NFS mounted to Linux repository: Instant Restore data flow?

stevenrodenburg1 · Nov 14, 2012 6:45 pm

Foggy wrote in an other topic:

foggy wrote:Regarding the vPower service, it does not need to run on the repository server itself. You simply select any Windows server (typically the Veeam server or a Windows proxy server) to act as the vPower NFS frontend for the Linux repository.

I've build this and it works quite well. I'm just wondering how the data flows through the various components. I've setup the following:

- Veeam B&R 6.5
- A VMware virtualized Veeam Master Server, acting only as the master and it has Veeam NFS enabled. 2 vCPU and 2GB vRAM
- A whole bunch of virtualized, windows based Proxies using HotAdd.
- A physical, powerful ZFS Based NFS Appliance exporting a multi-TB NFS share to the Linux repository VM. ZFS Compression and Dedup are enabled on this NFS exported Volume.
- A Linux VM with 1 vCPU and 4GB vRAM, acting as the central repository for all Proxies. It has the before-mentioned NFS export mounted with the exact same mount-options as would be used with a DataDomain machine.
- Gigabit Ethernet connectivity
- VM's that are backed-up are not compressed or deduped by Veeam. (i want to benefit from Dedup accross all VM's and not just of the VM's inside a single job).
- Backup speeds of large, running VM's with Thick VMDK's is around 65MB/s.
- Restore speeds using "Entire VM" are about the same.
- Storage vMotion speeds of a running VM that is "instant restored" and then moved to a production SAN is about 40 to 45 MB/s.

Performance is not bad. A VM that is "Instant Restored" performs acceptable. It's much slower than normal but it's not sluggish.

It is clear to me that the 4GB memory in the Linux Repository machine holds a nice cache, acting as a performance-boost.

The Veeam Master VM that runs the Veeam NFS Service is the one that ESXi servers mount to, and it's where the "instant restore VM" is actually running from, from ESXi's point of view. But...
...the question i have is: how does the traffic flow exactly, end-to-end? Via which machines and using what protocols?

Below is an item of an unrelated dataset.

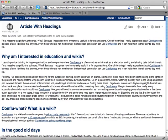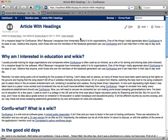Now, here's the same article with some headings added. It looks less daunting, and the person who's reading the page can move around it, finding the content that they need, faster and more easily.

It's clear that it goes from the physical NFS Appliance to the Linux "Repository" (Repo) VM (which mounted the NFS Export). But then? How do the data (disk-blocks) get to the Veeam NFS Service machine? Which protocol?
Using NetStat on the Linux Repository VM, i see 8 TCP sessions going from the Repo VM to the Veeam NFS VM, all SSH.

In short, how does it work exactly? (please be technical).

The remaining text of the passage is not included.